*** Opening MATERIAL PROVIDED ***
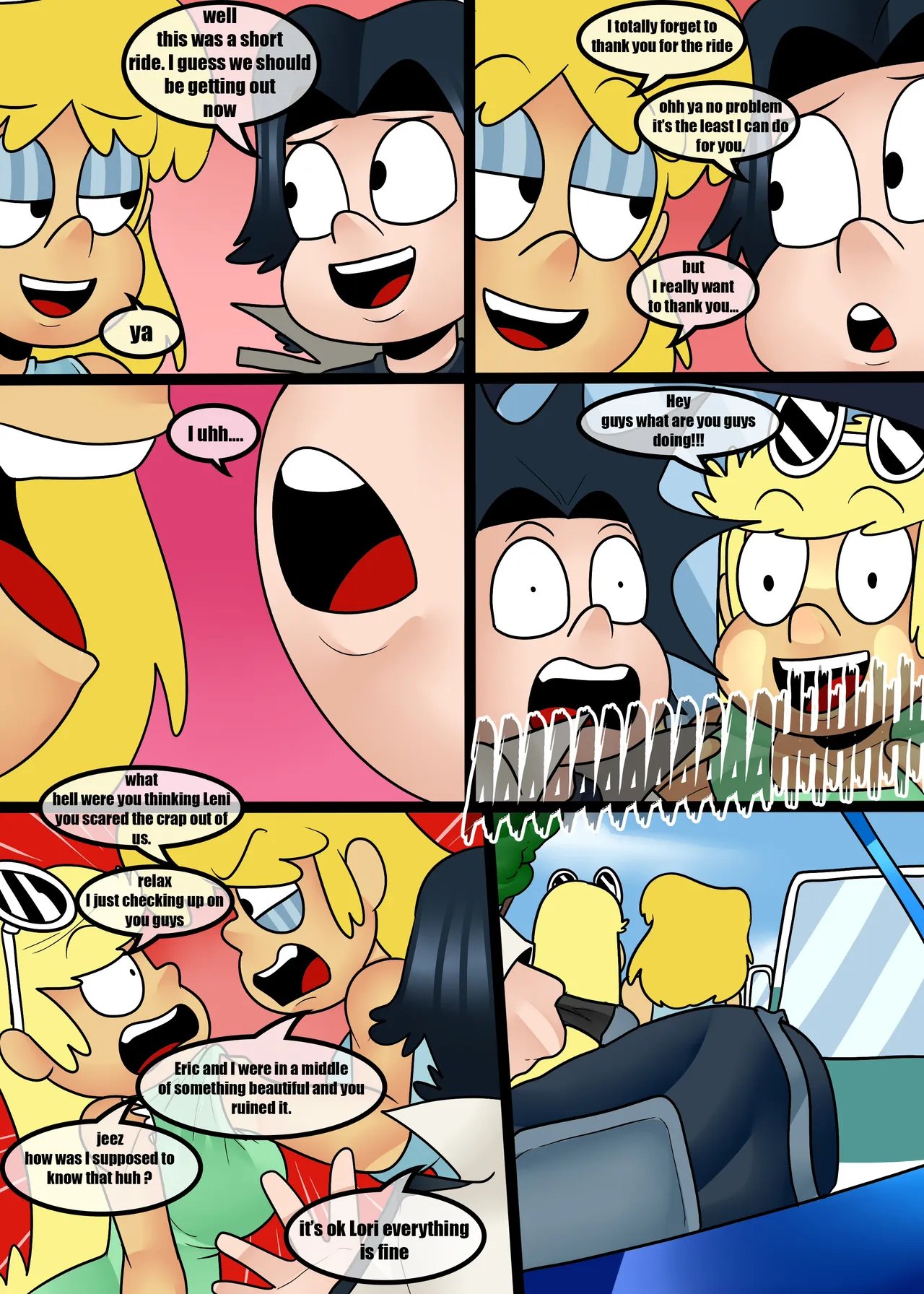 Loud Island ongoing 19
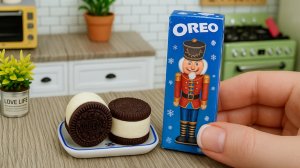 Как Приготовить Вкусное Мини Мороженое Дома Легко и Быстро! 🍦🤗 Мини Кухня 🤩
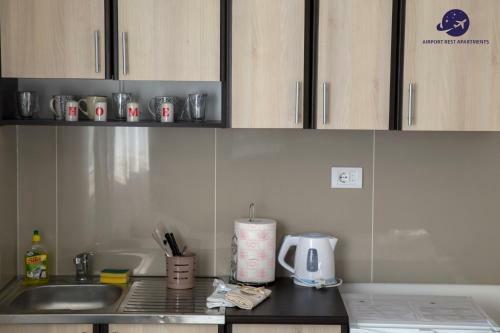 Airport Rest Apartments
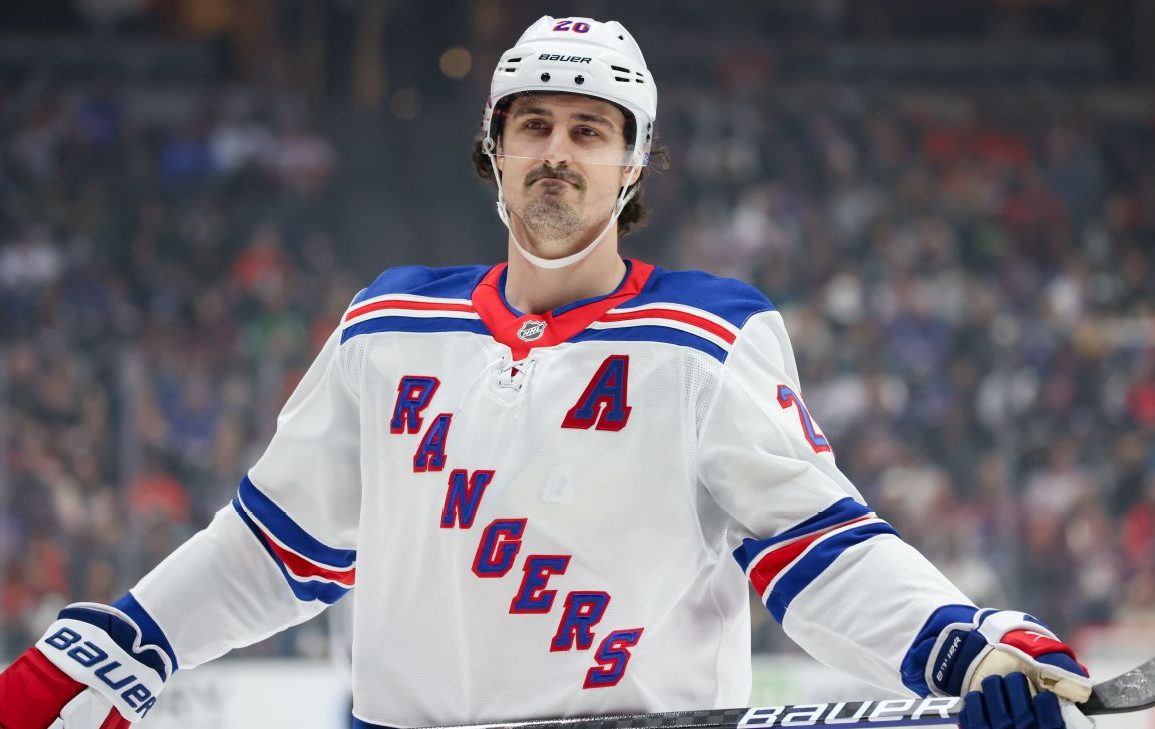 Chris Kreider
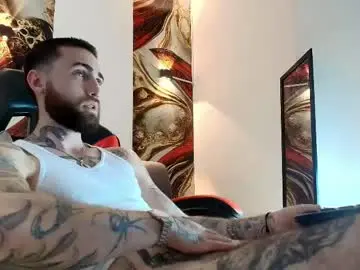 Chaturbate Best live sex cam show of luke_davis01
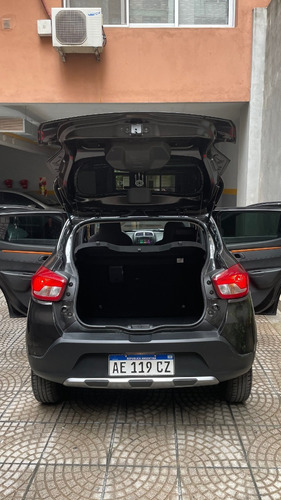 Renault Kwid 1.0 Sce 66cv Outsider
*** Closing MATERIAL PROVIDED ***
- **EXERCISE INSTRUCTIONS**
Copy out the data above exactly, except the pictures.

- **TASK ANSWER**
 Loud Island ongoing 19
 Как Приготовить Вкусное Мини Мороженое Дома Легко и Быстро! 🍦🤗 Мини Кухня 🤩
 Airport Rest Apartments
 Chris Kreider
 Chaturbate Best live sex cam show of luke_davis01
 Renault Kwid 1.0 Sce 66cv Outsider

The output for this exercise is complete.